Text-to-Speech (TTS) Service User Guide¶

Welcome! This guide will help you quickly get started with the Language Server Text-to-Speech (TTS) API. You'll learn how to convert text into speech using a simple API call, understand the required parameters, and see example requests and responses.

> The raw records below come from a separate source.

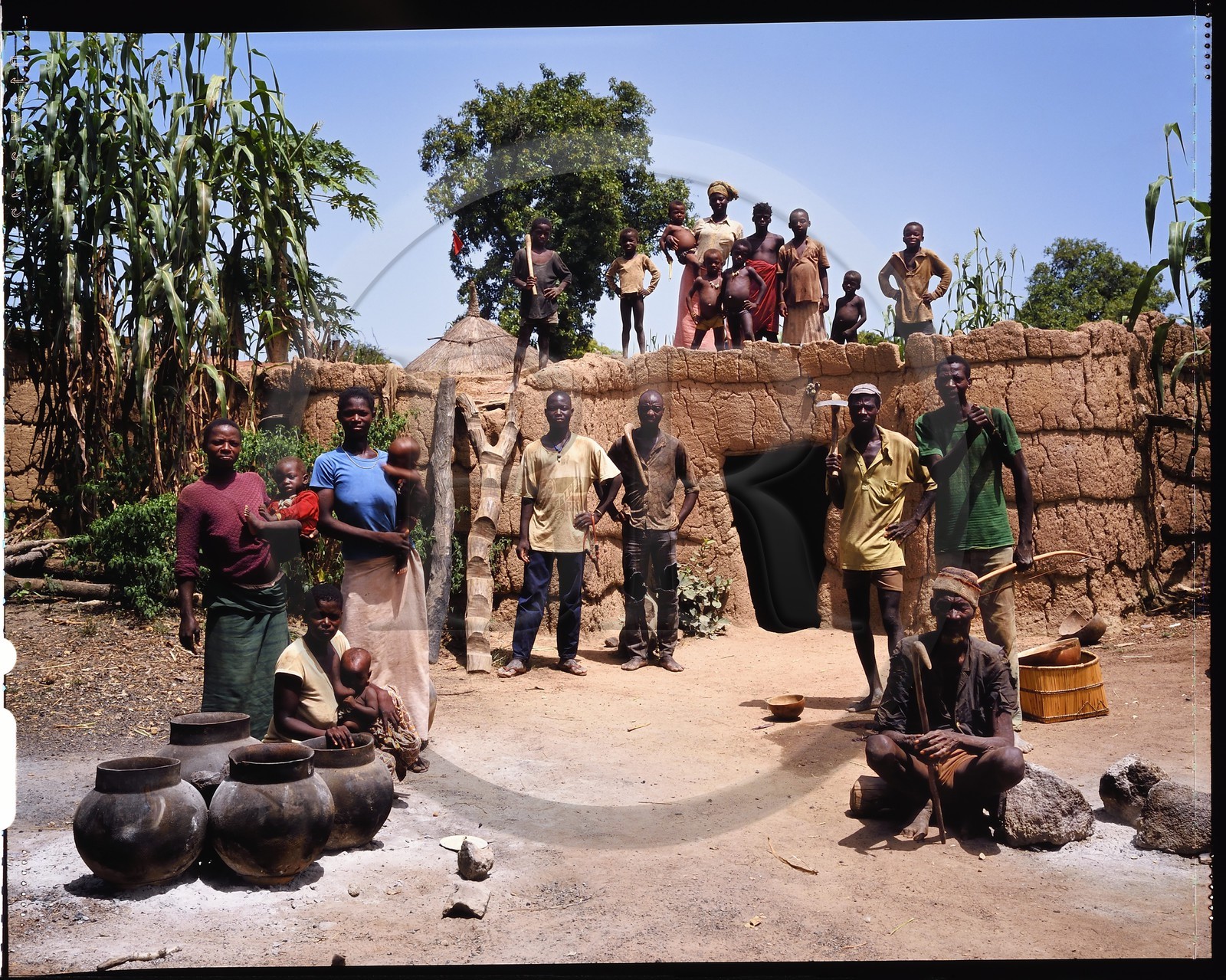 Burkina Faso, province de Poni, pays des Lobi, Loropéni, paysans posant avec la houe dans la cour de ferme devant la maison principale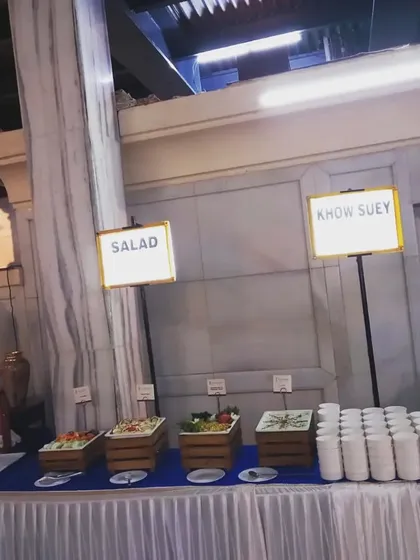 This is an example of a larger buffet setup for an event. I provide clear labeling for each station, like 'Salad' and 'Khow Suey', along with all the necessary plates and bowls, ensuring a smooth and organized dining experience for your guests.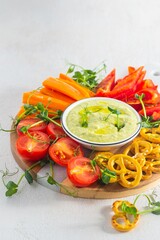 Vegetable tray with green peas and cream cheese dip on a light concrete background. Vegetarian recipes.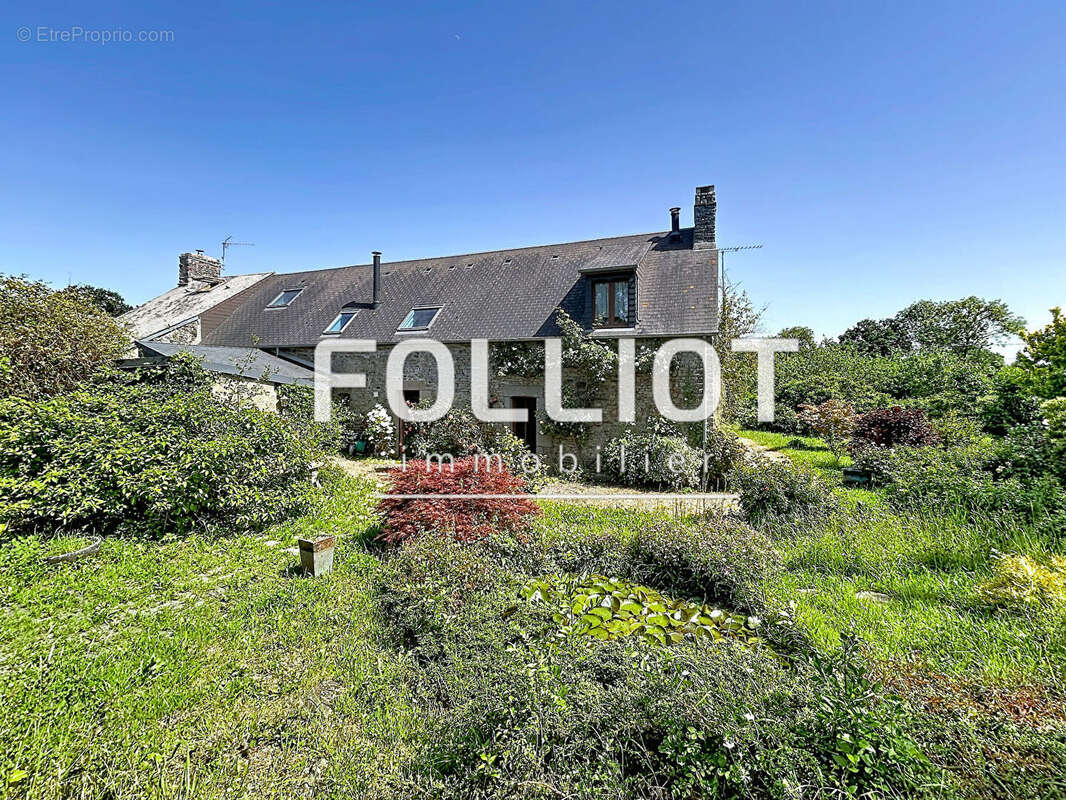 Charmante maison en pierre à vendre à Bacilly - 7 pièces, 110m² - photo 14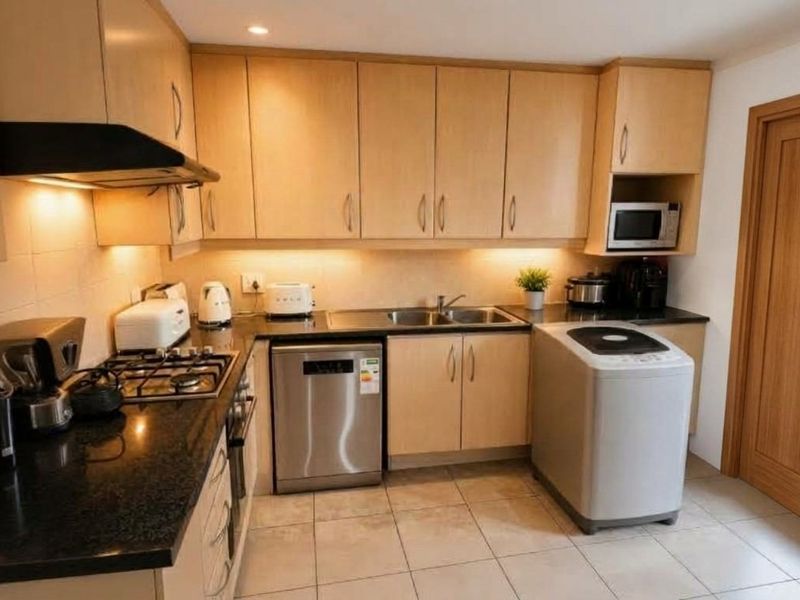 A functional kitchen featuring light wood cabinetry, granite countertops, a gas hob, extractor fan, and integrated microwave with tiled flooring.
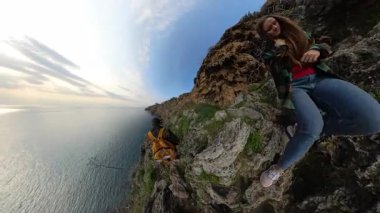 Bir Kadın ve Erkek Gezgin Denize Doğru Kayalık Kayalıklarda Geziniyor, Etrafı Bitkilerle çevrili ve 360 derecelik bir Etkiyle Ele Geçirilmiş. Macera ve Keşif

Supported Providers: Azure, Google, Sarvam, and Open Source (Indic-Parler)

Quickstart¶

Get your API key from your admin or dashboard.
Choose your provider (Azure, Google, Sarvam, or Karya Local).
Prepare your text and language code (see supported languages below).
Send a POST request to the TTS endpoint with the required headers and form data.
Download your audio from the response URLs.

1. Request Headers¶

Include these headers in every request:

Accept: application/json
X-API-Key: YOUR_API_KEY      # Replace with your actual API key
Content-Type: multipart/form-data

2. Request Body: Form Data¶

Send the request body as multipart/form-data with a field named payload_data (see below for structure).

Synchronous Only

Text-to-Speech is only available as a synchronous (real-time) service. Unlike transcription and completion, there is no batch/async TTS endpoint — results are returned directly in the API response.

3. Endpoint¶

URL: https://languageserver.karya.in/v1/task/text-to-speech
Method: POST

4. Example Request (cURL)¶

curl -X POST 'https://languageserver.karya.in/v1/task/text-to-speech' \
  -H 'accept: application/json' \
  -H 'X-API-Key: YOUR_API_KEY' \
  -H 'Content-Type: multipart/form-data' \
  -F 'payload_data={
    "user_email": "your_email@example.com",
    "project_name": "Individual",
    "provider": "AZURE",
    "models": ["NEURAL"],
    "voice_gender": "FEMALE",
    "task_name": "my_first_tts_task_unique_001",
    "datapoints": {
      "datapoint 1": {"text": "नमस्ते, यह एक परीक्षण है।", "speed": "1.0x", "lang": "hi-IN"}
    }
  }'

5. `payload_data` Structure¶

This is a JSON string containing your task and datapoints. Example:

{
  "user_email": "your_email@example.com",
  "project_name": "your_project_name",
  "task_name": "my_first_tts_task_001",
  "provider": "AZURE",
  "models": ["NEURAL"],
  "voice_gender": "FEMALE",
  "datapoints": {
    "datapoint 1": {
      "text": "नमस्ते, यह एक परीक्षण है।",
      "speed": "1.0x",
      "lang": "hi-IN"
    },
    "datapoint 2": {
      "text": "This is a test for English audio generation.",
      "speed": "1.2x",
      "lang": "en-IN"
    }
  }
}

Important: The models field is mandatory. It must be a non-empty list of model names (e.g., ["NEURAL"]). Omitting this field or leaving it empty will result in an error.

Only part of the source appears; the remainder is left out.